**WHAT YOU SHOULD DO**
The line holding "Aiivioll Replacement Ear" is the last one to output; start at the first line of the data, keep every line in between exactly, and leave out pictures.

**INPUT DATA**
--------------------------------------------------

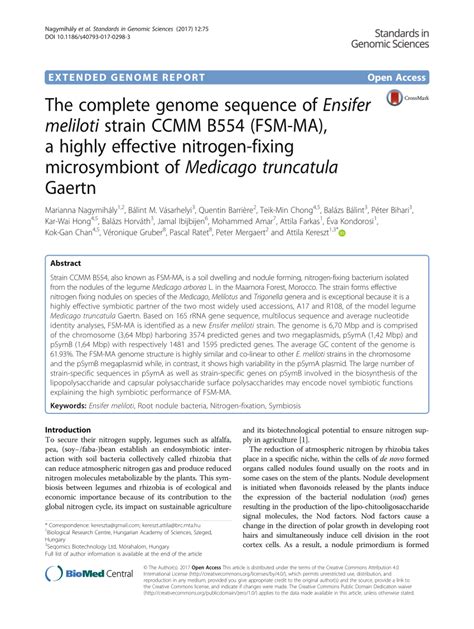 PDF The Complete Genome Sequence Of Ensifer Meliloti Strain CCMM B554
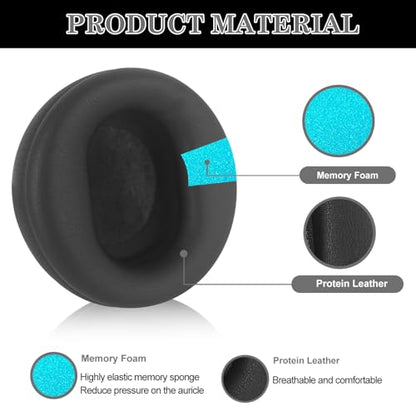 Aiivioll Replacement Ear Pads for Microsoft Surface 1/2 Headphones, Protein Leather Memory Sponge Ear Cushion Compatible Surface 1/2 Headphones，Headphone Accessories Ear Muff Repair Parts (Black) - color: Black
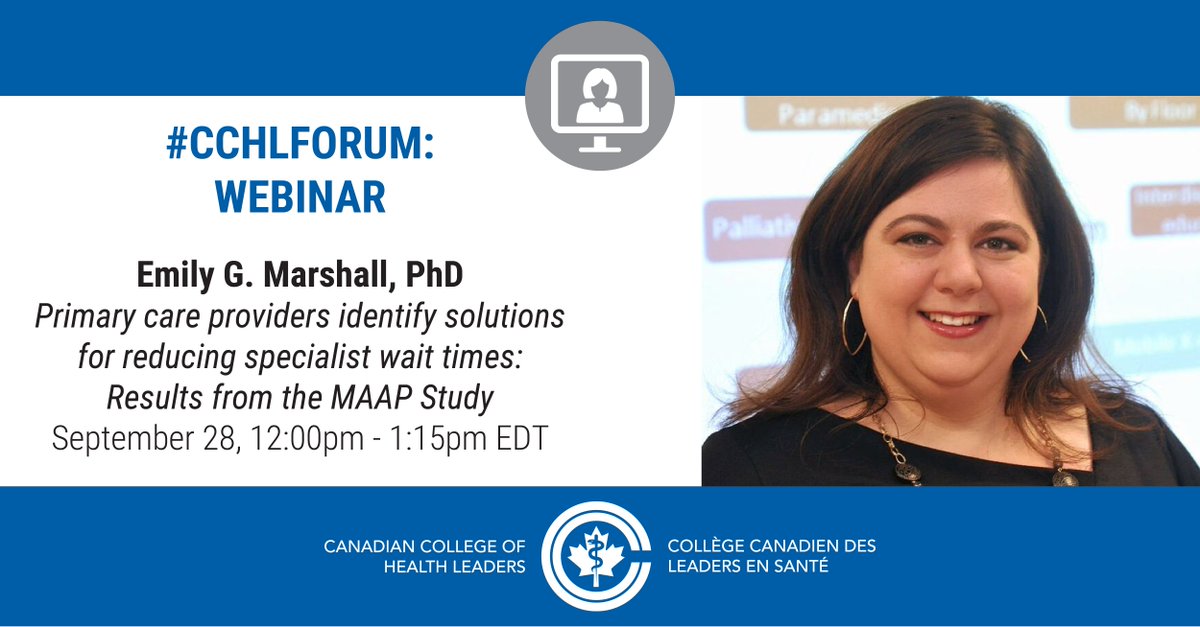 CCHL_CCLS's tweet photo. Join us tomorrow from 12:00 – 1:00 pm EDT for a webinar with @DrEmilyMarshall on her research into how specialist care wait times impact their patients and practices. @DalhousieU @BRIC_NS @SchulichMedDent @WesternU @SageHealthInfo #CCHLeaders #CCHLForum > https://t.co/tVXfGytz1A https://t.co/hBN9YCuaWl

--------------------------------------------------

**ANSWER BOX**
 PDF The Complete Genome Sequence Of Ensifer Meliloti Strain CCMM B554
 Aiivioll Replacement Ear Pads for Microsoft Surface 1/2 Headphones, Protein Leather Memory Sponge Ear Cushion Compatible Surface 1/2 Headphones，Headphone Accessories Ear Muff Repair Parts (Black) - color: Black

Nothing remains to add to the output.